Arriving Wednesday, the day before the conference started, I was content with how everything was going so smoothly. My bus had arrived, without incident, at Penn Station from Boston. The four hour journey had been uneventful, with no creepy people shooting me the stink eye, or mumbling to themselves. In Canada there was a renowned case where one man on a Greyhound bus completely lost his mind and decapitated another passenger. After hearing that story I have always felt a little trepidation to travel on a bus alone. Luckily everything turned out to be more than agreeable on this short trek to the big city. In fact there were three women (one of them was sitting with me), who had decided to chase their dreams by auditioning for a Broadway play. One of them was singing softly along with her IPod, and her voice sounded like an American Idol contestant, who had a chance to make it to the finals!

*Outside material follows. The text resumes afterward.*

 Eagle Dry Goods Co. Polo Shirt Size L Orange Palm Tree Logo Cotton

The bus station is like a slimy underground maze, and I was a very confused mouse trying to navigate myself out to a street, any street in fact. Within five minutes, a very nice man noticed that I was literally walking around in circles, and helped me find my way up through the concrete tunnels to 8th street, getting me right into a taxi. Little did I know that I would soon be very familiar with Penn Station, as I would pass it every day when I walked the 15 or so blocks to the conference from my hotel.

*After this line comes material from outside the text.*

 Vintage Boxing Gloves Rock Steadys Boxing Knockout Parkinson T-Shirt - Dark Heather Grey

From there I was pleasantly surprised when I reached the Chelsea Savoy, a hotel I had spent weeks trying to find online, and found that it was actually a very spacious room. It shouldn’t have been startling that this trip was almost effortless; after all it is unusual for my journeys to take place where English is the main language. Finding a hotel that had a bathroom in the room for less than 100 dollars a night had proven to be a challenge. Here I was, and there was even a blow dryer and iron available! Suffering from severe sleep deprivation from a week devoid of rest, I was none the less determined to explore the city in the light of day! I was in New York, which is one of the most fascinating cities in the world!

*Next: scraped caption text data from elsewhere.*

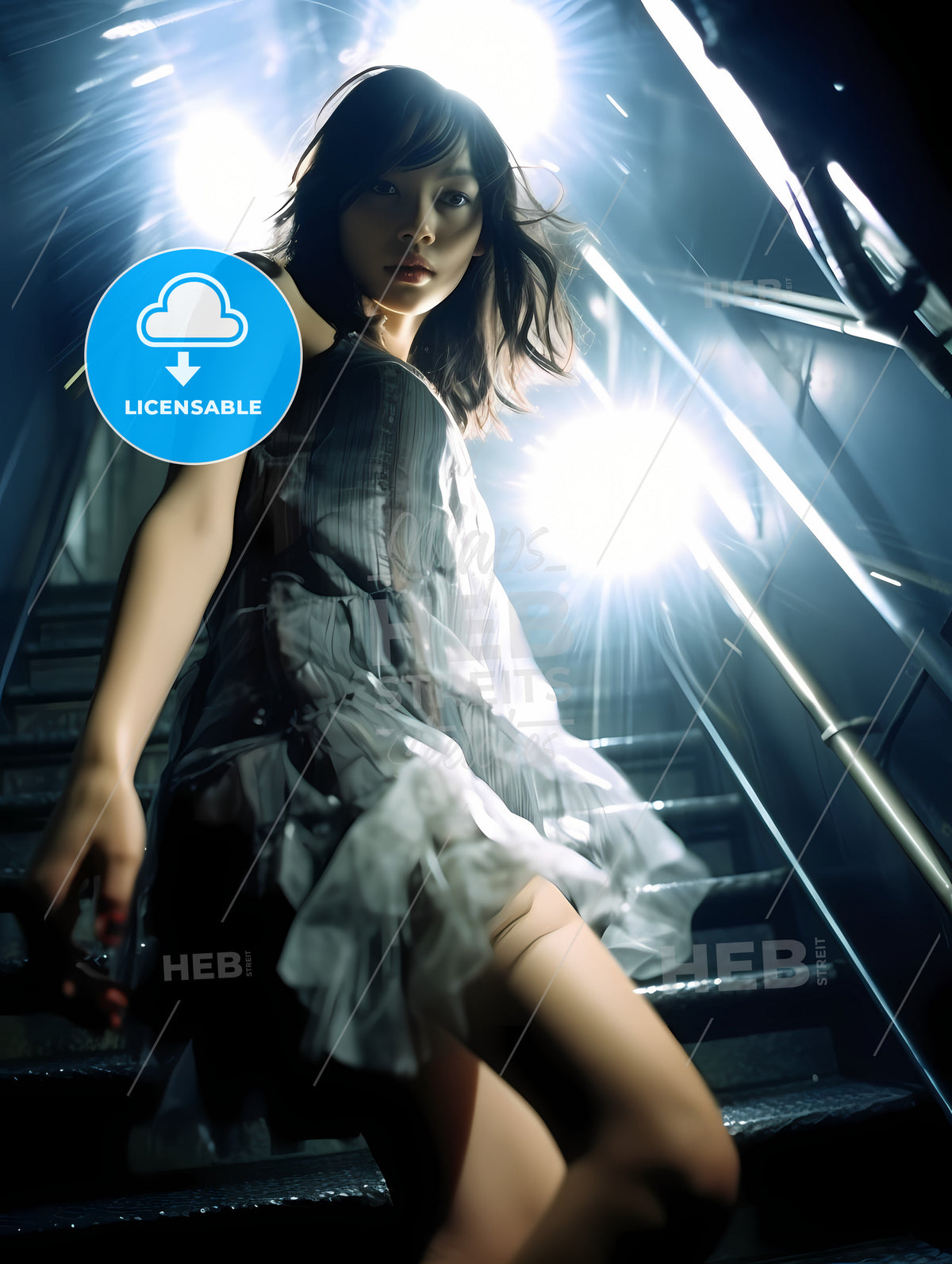 A Girl In A Light Dress, A Woman In A Dress On A Staircase
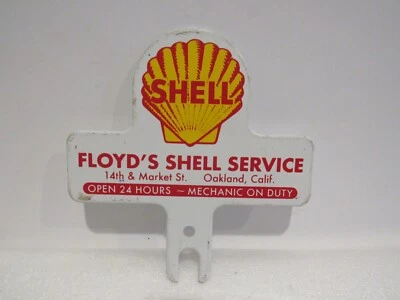 Vintage Floyds Shell Service Oakland CA Metal License Plate Topper Original - Image 1 of 3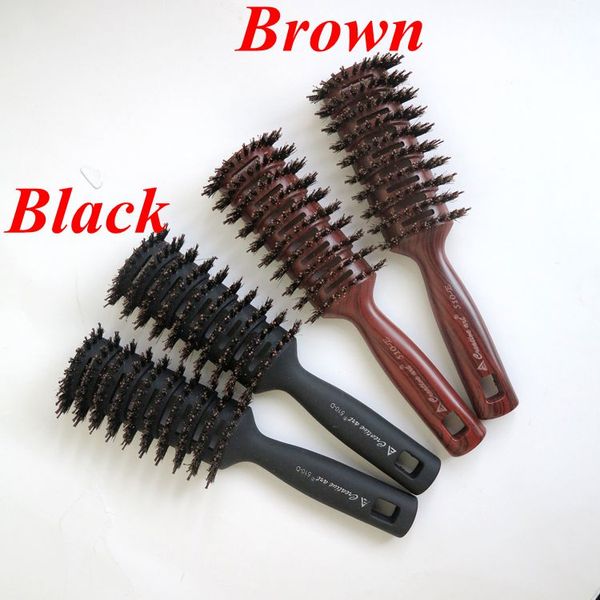 Domuzu Kıl Saç Fırçası Kahverengi Renk Tarak Fırça Saç Uzantıları için Salon için Profesyonel Saç Tarak ücretsiz kargo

Grabbing my purse, I headed out, the noises from the street smacking me in the face as I walked out the hotel door. Even though you can be fined up to 350 dollars for honking your horn in the city (at least according to the signs posted), that wasn’t stopping most people from enthusiastically joining in the madness. Underneath my feet, the vibrations, heat, and sounds of the subway reminded me I wasn’t in El Paso anymore. This was a city that was constantly moving at 100 miles an hour. The people that belong to New York don’t move much slower, as they are on their way to somewhere important. Their strides are long, and their focus on their individual missions is undeniable.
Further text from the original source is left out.